Dutch Bros Inc. (NYSE:BROS) shareholders are probably feeling a little disappointed, since its shares fell 8.4% to US$28.57 in the week after its latest quarterly results. The result was fairly weak overall, with revenues of US$197m being 5.2% less than what the analysts had been modelling. Earnings are an important time for investors, as they can track a company's performance, look at what the analysts are forecasting for next year, and see if there's been a change in sentiment towards the company. We've gathered the most recent statutory forecasts to see whether the analysts have changed their earnings models, following these results.
After the latest results, the ten analysts covering Dutch Bros are now predicting revenues of US$971.8m in 2023. If met, this would reflect a sizeable 24% improvement in sales compared to the last 12 months. Losses are forecast to balloon 91% to US$0.12 per share. Yet prior to the latest earnings, the analysts had been forecasting revenues of US$986.4m and losses of US$0.078 per share in 2023. So it's pretty clear the analysts have mixed opinions on Dutch Bros even after this update; although they reconfirmed their revenue numbers, it came at the cost of a massive increase in per-share losses.
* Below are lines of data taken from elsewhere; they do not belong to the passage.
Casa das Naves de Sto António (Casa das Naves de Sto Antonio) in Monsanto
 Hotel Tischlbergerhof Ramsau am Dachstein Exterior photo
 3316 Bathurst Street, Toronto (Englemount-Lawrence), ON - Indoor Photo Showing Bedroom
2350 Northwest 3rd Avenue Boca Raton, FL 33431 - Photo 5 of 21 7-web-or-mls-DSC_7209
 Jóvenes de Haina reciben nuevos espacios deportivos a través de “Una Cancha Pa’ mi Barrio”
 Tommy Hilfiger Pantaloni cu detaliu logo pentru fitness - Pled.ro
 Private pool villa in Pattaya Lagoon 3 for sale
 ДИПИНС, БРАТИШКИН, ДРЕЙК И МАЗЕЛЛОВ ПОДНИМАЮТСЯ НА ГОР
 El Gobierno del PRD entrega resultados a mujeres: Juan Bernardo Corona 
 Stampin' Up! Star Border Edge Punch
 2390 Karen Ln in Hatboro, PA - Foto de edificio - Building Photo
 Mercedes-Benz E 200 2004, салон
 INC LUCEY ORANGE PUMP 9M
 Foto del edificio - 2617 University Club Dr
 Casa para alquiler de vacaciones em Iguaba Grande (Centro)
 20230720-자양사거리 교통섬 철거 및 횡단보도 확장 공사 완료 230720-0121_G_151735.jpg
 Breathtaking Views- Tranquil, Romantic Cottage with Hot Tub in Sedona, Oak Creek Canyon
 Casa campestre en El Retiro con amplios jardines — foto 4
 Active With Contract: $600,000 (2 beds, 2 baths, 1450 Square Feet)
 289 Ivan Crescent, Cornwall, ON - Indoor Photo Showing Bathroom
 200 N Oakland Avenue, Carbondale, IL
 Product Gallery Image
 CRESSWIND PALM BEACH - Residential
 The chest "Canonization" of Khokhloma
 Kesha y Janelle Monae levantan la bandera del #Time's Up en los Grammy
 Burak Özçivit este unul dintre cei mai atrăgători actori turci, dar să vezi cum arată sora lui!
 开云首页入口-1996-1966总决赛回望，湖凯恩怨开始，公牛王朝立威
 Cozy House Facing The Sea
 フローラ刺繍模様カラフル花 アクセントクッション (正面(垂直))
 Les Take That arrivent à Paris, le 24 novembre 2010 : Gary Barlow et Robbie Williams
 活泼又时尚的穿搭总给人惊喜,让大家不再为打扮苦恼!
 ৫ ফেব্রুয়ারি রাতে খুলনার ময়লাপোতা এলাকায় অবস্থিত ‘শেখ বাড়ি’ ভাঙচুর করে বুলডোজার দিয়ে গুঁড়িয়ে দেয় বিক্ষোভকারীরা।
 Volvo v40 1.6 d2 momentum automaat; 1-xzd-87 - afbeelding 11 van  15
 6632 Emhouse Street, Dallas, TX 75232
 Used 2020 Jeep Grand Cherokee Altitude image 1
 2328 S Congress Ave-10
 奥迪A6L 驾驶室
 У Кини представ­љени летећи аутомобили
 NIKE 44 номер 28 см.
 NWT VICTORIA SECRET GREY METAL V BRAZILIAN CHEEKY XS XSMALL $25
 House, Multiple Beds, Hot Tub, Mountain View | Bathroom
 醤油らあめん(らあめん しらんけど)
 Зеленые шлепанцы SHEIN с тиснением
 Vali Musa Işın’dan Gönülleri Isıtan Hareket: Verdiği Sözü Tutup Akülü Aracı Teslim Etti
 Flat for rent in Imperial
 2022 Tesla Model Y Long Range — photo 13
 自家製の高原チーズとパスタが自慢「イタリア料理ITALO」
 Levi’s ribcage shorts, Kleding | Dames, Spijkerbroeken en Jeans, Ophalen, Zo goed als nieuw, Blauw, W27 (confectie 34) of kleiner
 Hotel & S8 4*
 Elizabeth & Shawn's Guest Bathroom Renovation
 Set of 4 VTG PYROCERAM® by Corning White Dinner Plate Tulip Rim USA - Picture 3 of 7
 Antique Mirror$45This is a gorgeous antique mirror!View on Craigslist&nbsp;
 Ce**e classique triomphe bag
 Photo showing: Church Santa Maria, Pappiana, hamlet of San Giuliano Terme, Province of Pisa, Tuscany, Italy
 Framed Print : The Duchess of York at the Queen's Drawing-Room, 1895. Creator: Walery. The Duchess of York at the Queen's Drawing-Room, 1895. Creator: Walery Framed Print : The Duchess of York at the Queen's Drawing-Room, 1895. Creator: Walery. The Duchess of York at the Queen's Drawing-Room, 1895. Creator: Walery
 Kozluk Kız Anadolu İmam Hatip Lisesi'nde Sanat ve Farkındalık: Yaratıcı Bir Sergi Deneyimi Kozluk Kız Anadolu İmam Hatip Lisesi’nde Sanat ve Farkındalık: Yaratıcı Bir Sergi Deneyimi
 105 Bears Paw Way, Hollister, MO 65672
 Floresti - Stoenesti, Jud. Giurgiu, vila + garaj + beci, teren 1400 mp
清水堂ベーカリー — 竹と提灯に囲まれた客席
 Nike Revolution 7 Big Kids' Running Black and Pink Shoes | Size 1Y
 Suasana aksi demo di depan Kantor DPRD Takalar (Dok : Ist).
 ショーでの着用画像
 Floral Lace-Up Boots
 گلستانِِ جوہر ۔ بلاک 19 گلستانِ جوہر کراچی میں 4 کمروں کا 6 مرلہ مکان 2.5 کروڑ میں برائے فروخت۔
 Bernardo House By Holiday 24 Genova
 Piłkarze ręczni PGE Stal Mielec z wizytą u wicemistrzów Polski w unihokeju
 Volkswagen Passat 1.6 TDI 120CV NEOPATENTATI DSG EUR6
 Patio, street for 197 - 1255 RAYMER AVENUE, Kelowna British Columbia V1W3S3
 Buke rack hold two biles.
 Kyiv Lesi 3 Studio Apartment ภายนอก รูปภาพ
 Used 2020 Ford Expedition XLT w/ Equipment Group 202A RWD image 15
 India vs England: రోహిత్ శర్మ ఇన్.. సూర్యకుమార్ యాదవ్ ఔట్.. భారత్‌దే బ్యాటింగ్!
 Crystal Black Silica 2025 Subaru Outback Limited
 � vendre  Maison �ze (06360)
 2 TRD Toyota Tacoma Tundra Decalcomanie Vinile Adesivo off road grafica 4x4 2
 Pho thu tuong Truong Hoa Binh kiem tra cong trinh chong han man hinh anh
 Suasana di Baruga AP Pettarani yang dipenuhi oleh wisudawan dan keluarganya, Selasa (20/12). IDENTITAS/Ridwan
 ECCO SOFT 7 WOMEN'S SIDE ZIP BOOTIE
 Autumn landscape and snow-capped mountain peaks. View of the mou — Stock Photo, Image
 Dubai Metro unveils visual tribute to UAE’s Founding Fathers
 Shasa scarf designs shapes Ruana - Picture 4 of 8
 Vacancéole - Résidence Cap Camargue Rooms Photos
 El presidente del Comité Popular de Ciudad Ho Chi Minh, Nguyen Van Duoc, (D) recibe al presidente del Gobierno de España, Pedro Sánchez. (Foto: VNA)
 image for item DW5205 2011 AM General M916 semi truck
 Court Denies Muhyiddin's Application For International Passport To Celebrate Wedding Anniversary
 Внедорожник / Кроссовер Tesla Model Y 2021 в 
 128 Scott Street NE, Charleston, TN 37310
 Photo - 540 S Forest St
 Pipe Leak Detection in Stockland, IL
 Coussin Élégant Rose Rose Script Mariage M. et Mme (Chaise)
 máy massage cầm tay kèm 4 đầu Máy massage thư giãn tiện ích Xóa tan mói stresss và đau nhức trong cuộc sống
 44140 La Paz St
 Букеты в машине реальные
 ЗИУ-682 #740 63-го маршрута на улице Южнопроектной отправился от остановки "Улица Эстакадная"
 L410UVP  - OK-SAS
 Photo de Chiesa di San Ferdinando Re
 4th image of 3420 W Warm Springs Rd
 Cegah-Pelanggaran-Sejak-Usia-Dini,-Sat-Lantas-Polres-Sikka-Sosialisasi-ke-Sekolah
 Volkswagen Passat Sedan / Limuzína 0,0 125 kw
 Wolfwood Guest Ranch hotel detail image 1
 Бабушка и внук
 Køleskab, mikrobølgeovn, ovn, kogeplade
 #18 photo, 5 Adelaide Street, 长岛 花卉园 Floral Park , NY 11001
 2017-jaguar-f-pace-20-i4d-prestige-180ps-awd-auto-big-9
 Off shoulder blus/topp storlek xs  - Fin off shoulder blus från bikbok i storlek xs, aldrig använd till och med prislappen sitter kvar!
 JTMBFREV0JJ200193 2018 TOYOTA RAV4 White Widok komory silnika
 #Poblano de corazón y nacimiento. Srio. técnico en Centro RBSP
The consensus price target held steady at US$38.10, seemingly implying that the higher forecast losses are not expected to have a long term impact on the company's valuation. Fixating on a single price target can be unwise though, since the consensus target is effectively the average of analyst price targets. As a result, some investors like to look at the range of estimates to see if there are any diverging opinions on the company's valuation. The most optimistic Dutch Bros analyst has a price target of US$53.00 per share, while the most pessimistic values it at US$30.00. This is a fairly broad spread of estimates, suggesting that analysts are forecasting a wide range of possible outcomes for the business.
These estimates are interesting, but it can be useful to paint some more broad strokes when seeing how forecasts compare, both to the Dutch Bros' past performance and to peers in the same industry. We would highlight that Dutch Bros' revenue growth is expected to slow, with the forecast 33% annualised growth rate until the end of 2023 being well below the historical 42% growth over the last year. By way of comparison, the other companies in this industry with analyst coverage are forecast to grow their revenue at 11% annually. Even after the forecast slowdown in growth, it seems obvious that Dutch Bros is also expected to grow faster than the wider industry.
The Bottom Line
The most important thing to take away is that the analysts increased their loss per share estimates for next year. Happily, there were no major changes to revenue forecasts, with the business still expected to grow faster than the wider industry. The consensus price target held steady at US$38.10, with the latest estimates not enough to have an impact on their price targets.
With that in mind, we wouldn't be too quick to come to a conclusion on Dutch Bros. Long-term earnings power is much more important than next year's profits. We have estimates - from multiple Dutch Bros analysts - going out to 2025, and you can see them free on our platform here.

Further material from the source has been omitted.